Click to show demographics of the HR+ cohort
ESTIMATE has a number of important strengths, particularly when compared to other risk tools. First, the use of a large, nationally-representative database like SEER allows for greater statistical confidence in estimates, as well enhanced generalizability. Notably, 26% of the sample was aged ≥70 years at diagnosis (N = 68,786), which is an important group of patients who have been historically underrepresented in clinical trials1. Another important strength is the tool’s accommodation of user-defined time periods within 20 years, as opposed to providing rigid 0-10 or 0-20 year estimates. This allows for estimation of residual risks of BCSM and non-BCSM after having already survived a certain number of years since initial diagnosis, which is useful for understanding how risks may change over time. Finally, the tool can be valuable in regions of the world where genomic-based risk tools are either unavailable, or difficult to access.

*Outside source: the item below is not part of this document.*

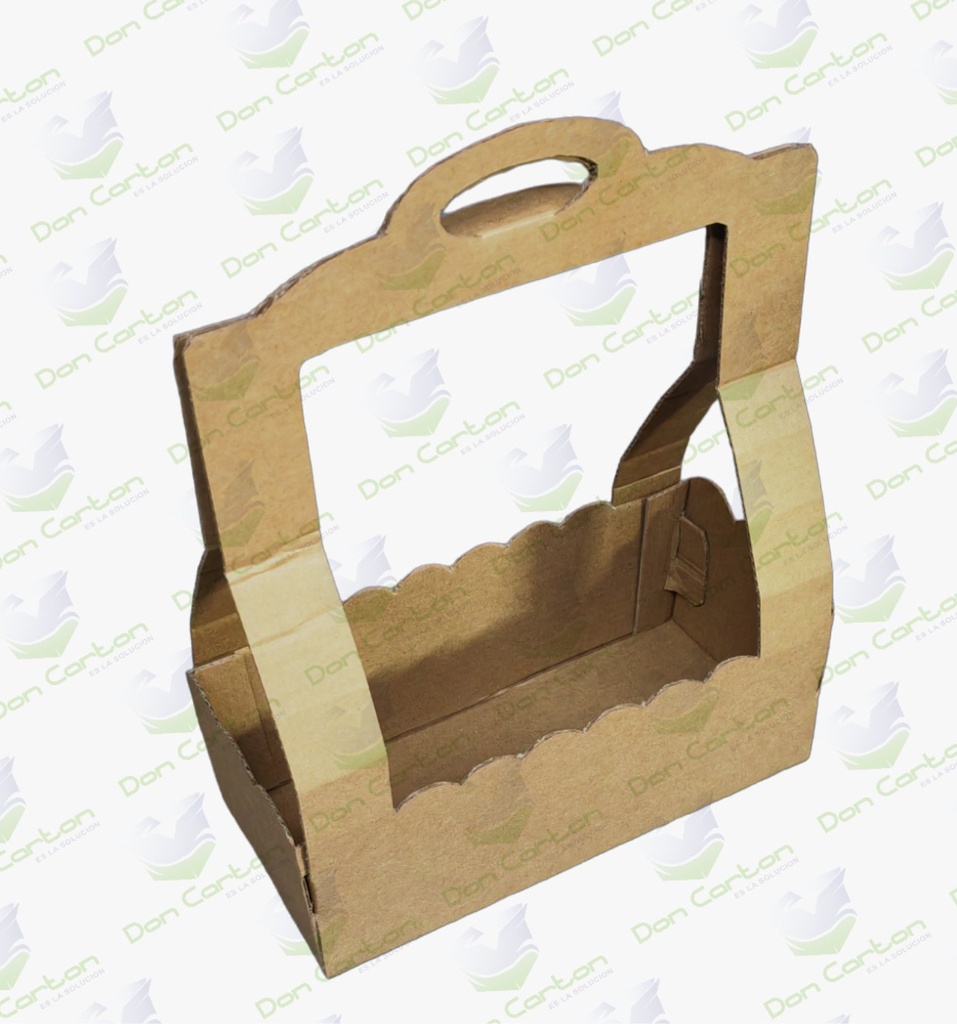 CANASTA 20 KFT (PAQ DE 10 PZAS)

There are several limitations to this tool that are important to consider. First, SEER does not collect data on treatments received, so treatment is not accounted for when estimating mortality. Instead, estimates can be thought of as averaged over all of the types of treatment being utilized for the given disease type during the period for which data are available, with the caveat that the treatments used today are somewhat different than those used during some of the time periods available for estimation; this is one of the primary reasons that the tool should not be used to make predictions for individual patients. Secondly, there is potential bias induced by the attribution of cause of death in the SEER database. As mentioned above in Data Source and Cohort Selection, the database used to extract the HR+ cohort attributes cancer-related deaths to the first cancer diagnosis, only. Such an attribution method is imperfect, and it is impossible to know for sure that the cause of death recorded is correct. Cohort selection was tailored to attempt to mitigate this issue, but surely it may remain to some extent. A third limitation is that, similar to treatments received, comorbidities and disease recurrences are not captured in SEER and therefore could not be accounted for in mortality estimation, even though both are likely to influence mortality. Additionally, all patients were diagnosed before 2010 and so their HER2 status and receipt of HER2-directed therapy are unknown. However, a prior study evaluating tumor subtypes reported that among all HR-positive breast cancers in SEER, only 13% were HER2+ and 87% were HER2-2, a distribution that is likely to be similar in the present cohort. Moreover, HER2 is unlikely to have a large role on late recurrence given the low risk of recurrence seen in years 5-10 for HR+, HER2+ breast cancer3.